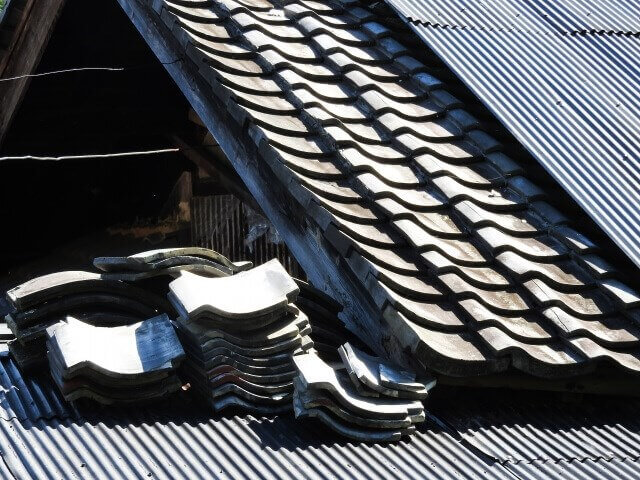【屋根の瓦】雨漏りした時の対処方法を知ってこう!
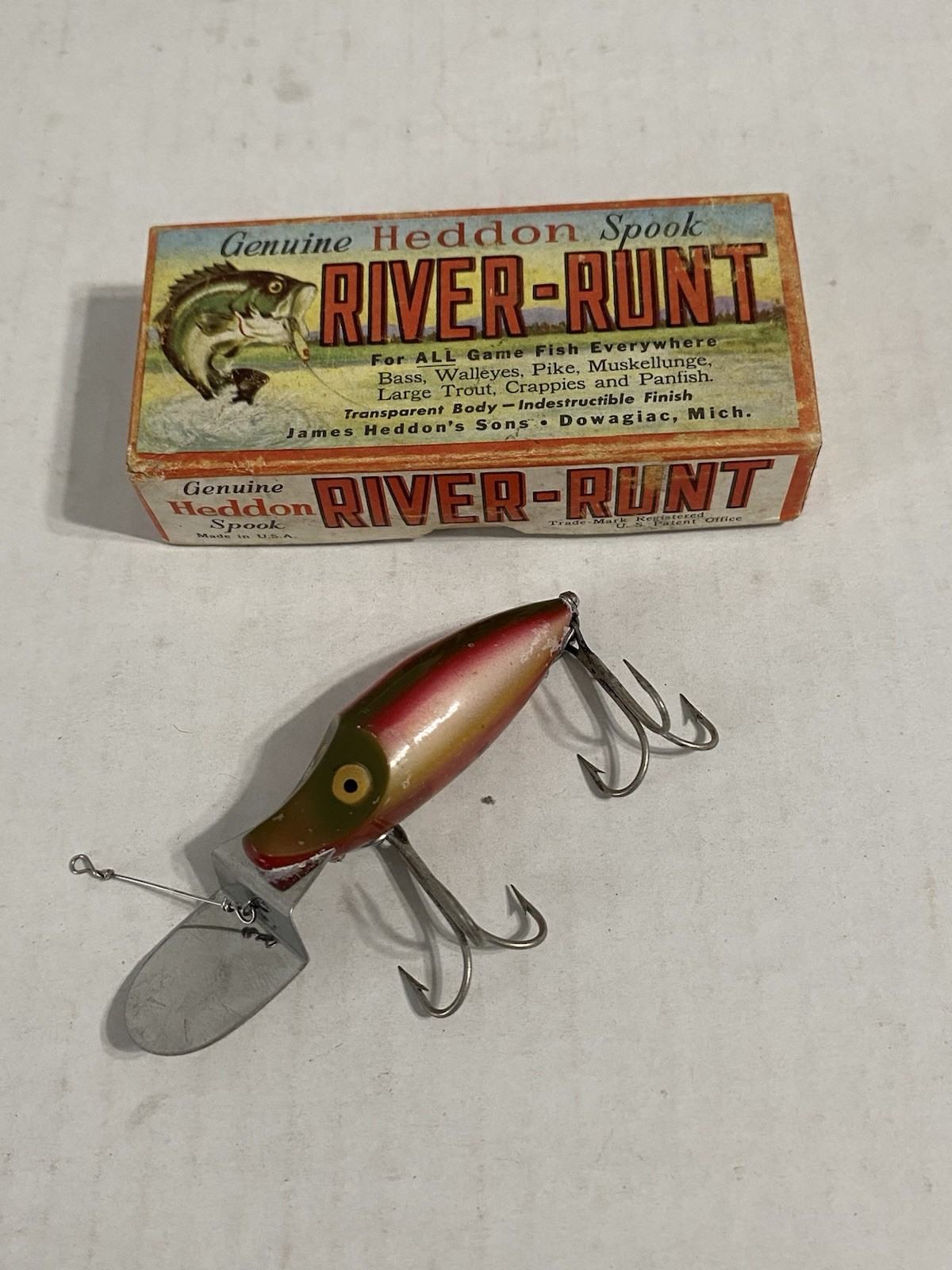 Vintage Heddon River Runt Stan. Go Deeper Lure In Rainbow Color D-9110-RN W/Box
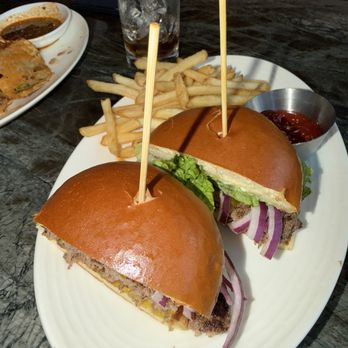 Earls Kitchen + Bar - Classic burger - New American Near Me - Miami, Florida Earls Kitchen + Bar - Classic burger - New American Near Me - Miami, Florida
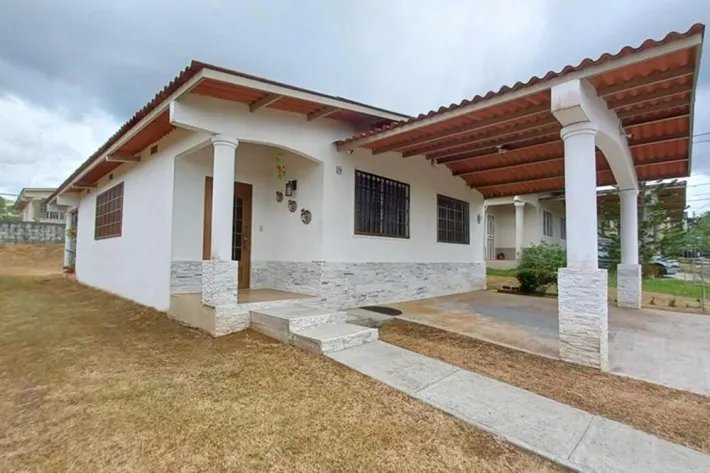 Se vende casa en Burunga, Colinas del Sol, Panamá Oeste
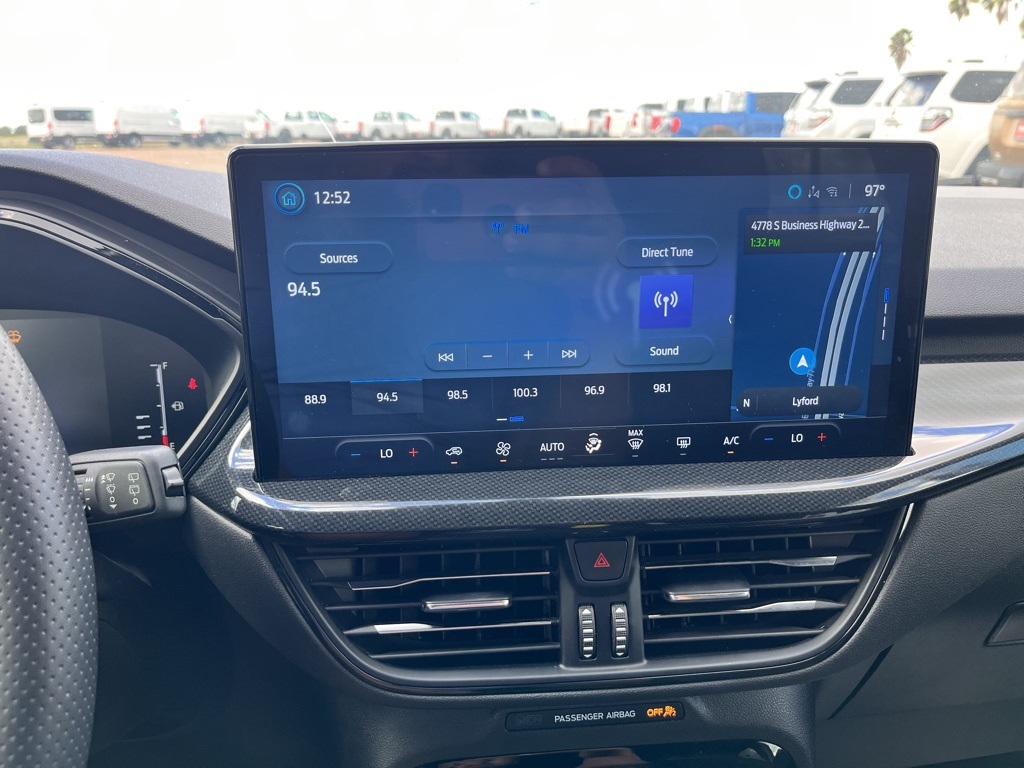 2023 Ford Escape ST-Line photo 9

Your goal:
Because pictures are not wanted, give every entry above again exactly without them.

Expected answer:
【屋根の瓦】雨漏りした時の対処方法を知ってこう!
 Vintage Heddon River Runt Stan. Go Deeper Lure In Rainbow Color D-9110-RN W/Box
 Earls Kitchen + Bar - Classic burger - New American Near Me - Miami, Florida Earls Kitchen + Bar - Classic burger - New American Near Me - Miami, Florida
 Se vende casa en Burunga, Colinas del Sol, Panamá Oeste
 2023 Ford Escape ST-Line photo 9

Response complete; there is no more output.